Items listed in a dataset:
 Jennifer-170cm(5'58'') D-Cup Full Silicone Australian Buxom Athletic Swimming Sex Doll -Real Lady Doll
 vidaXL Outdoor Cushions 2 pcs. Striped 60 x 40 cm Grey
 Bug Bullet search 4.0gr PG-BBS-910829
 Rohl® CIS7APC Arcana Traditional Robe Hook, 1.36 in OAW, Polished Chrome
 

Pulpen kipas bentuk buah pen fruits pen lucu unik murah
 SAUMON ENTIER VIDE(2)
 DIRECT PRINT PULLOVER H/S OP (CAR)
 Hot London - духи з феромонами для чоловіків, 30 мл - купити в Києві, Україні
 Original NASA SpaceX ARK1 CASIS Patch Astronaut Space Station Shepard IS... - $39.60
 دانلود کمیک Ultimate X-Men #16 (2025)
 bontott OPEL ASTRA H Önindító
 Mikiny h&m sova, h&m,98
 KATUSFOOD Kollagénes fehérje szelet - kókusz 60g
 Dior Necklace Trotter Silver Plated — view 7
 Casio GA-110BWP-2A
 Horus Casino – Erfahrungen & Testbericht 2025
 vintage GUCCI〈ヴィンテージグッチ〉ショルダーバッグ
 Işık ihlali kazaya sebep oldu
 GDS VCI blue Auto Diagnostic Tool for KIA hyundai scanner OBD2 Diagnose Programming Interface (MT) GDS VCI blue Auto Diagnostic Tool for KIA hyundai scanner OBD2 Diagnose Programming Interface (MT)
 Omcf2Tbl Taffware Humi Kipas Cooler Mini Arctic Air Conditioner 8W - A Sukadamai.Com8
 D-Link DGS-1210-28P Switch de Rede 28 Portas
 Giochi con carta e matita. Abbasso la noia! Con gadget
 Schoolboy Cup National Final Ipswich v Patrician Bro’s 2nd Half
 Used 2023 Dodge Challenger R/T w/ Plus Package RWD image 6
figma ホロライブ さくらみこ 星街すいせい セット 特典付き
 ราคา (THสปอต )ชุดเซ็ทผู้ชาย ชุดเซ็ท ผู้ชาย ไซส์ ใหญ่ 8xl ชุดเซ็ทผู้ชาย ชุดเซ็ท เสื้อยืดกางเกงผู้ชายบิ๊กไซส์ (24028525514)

**What is being asked**
Would you output, from the records above, exactly the run of lines that starts at the line containing "SAUMON ENTIER VIDE(2)" and ends at the line containing "Işık ihlali kazaya sebep oldu", and only that run?

**Solution**
 SAUMON ENTIER VIDE(2)
 DIRECT PRINT PULLOVER H/S OP (CAR)
 Hot London - духи з феромонами для чоловіків, 30 мл - купити в Києві, Україні
 Original NASA SpaceX ARK1 CASIS Patch Astronaut Space Station Shepard IS... - $39.60
 دانلود کمیک Ultimate X-Men #16 (2025)
 bontott OPEL ASTRA H Önindító
 Mikiny h&m sova, h&m,98
 KATUSFOOD Kollagénes fehérje szelet - kókusz 60g
 Dior Necklace Trotter Silver Plated — view 7
 Casio GA-110BWP-2A
 Horus Casino – Erfahrungen & Testbericht 2025
 vintage GUCCI〈ヴィンテージグッチ〉ショルダーバッグ
 Işık ihlali kazaya sebep oldu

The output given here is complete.